Supplied data
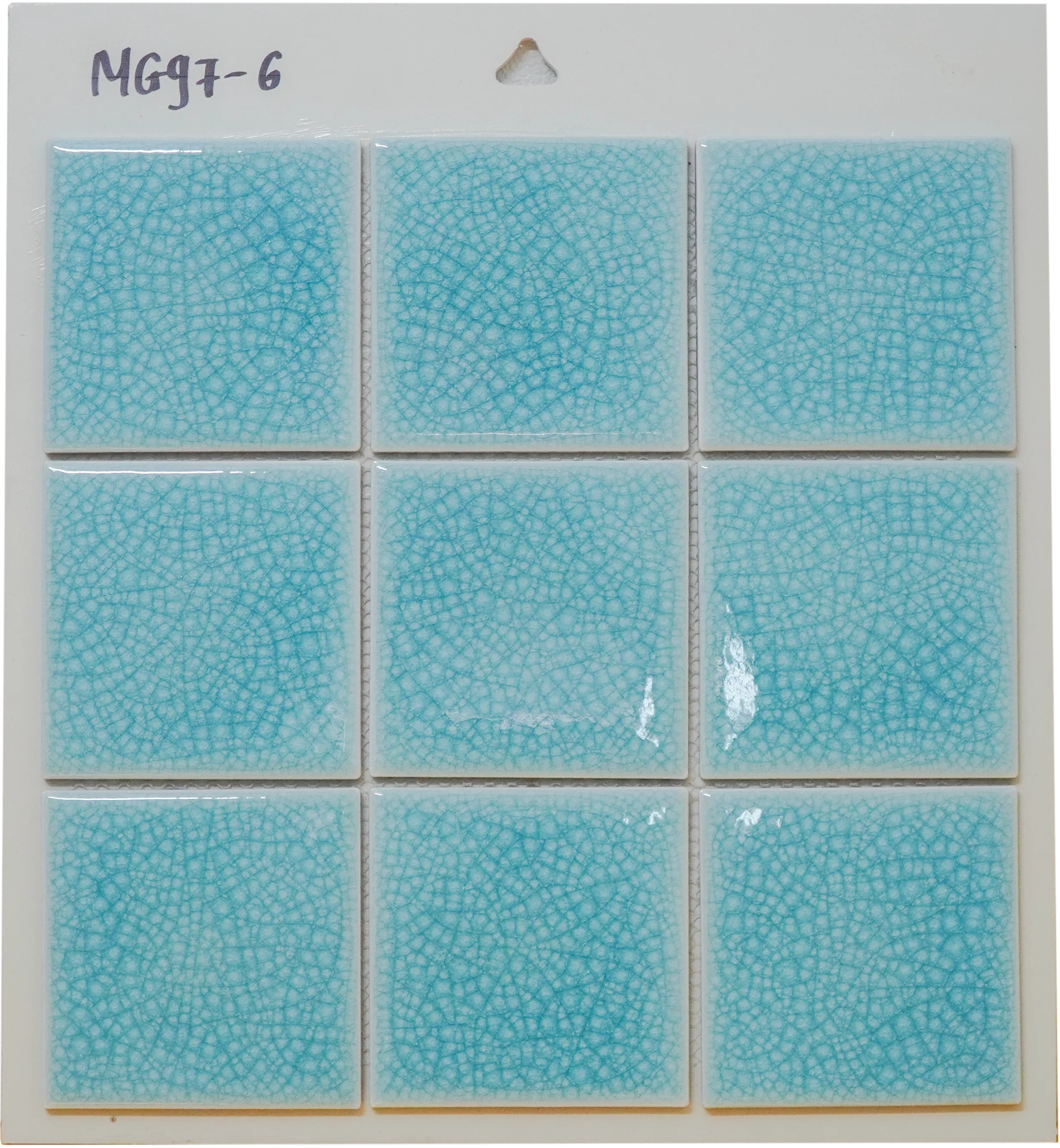 [DSC-2608-79616] Gạch Mosaic MG97 – 6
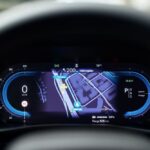 فولفو-ex40-المربع-نت-29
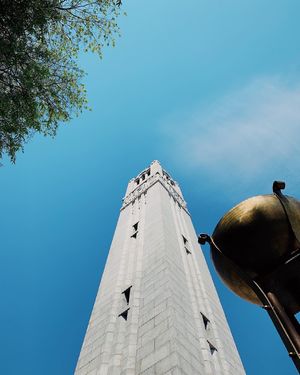 Image post by @ncstate on Instagram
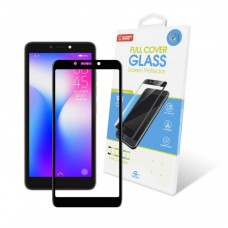 Скло захисне GLOBAL Full Glue Tecno Pop 2F black (1283126502958) Скло захисне GLOBAL Full Glue Tecno Pop 2F black (1283126502958)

What to work on
Pictures stay out of this copy. Retype exactly the lines from the one with "Image post by @ncstate on Instagram" through the last line of the data, both ends included, and nothing more.

Result of this task
 Image post by @ncstate on Instagram
 Скло захисне GLOBAL Full Glue Tecno Pop 2F black (1283126502958) Скло захисне GLOBAL Full Glue Tecno Pop 2F black (1283126502958)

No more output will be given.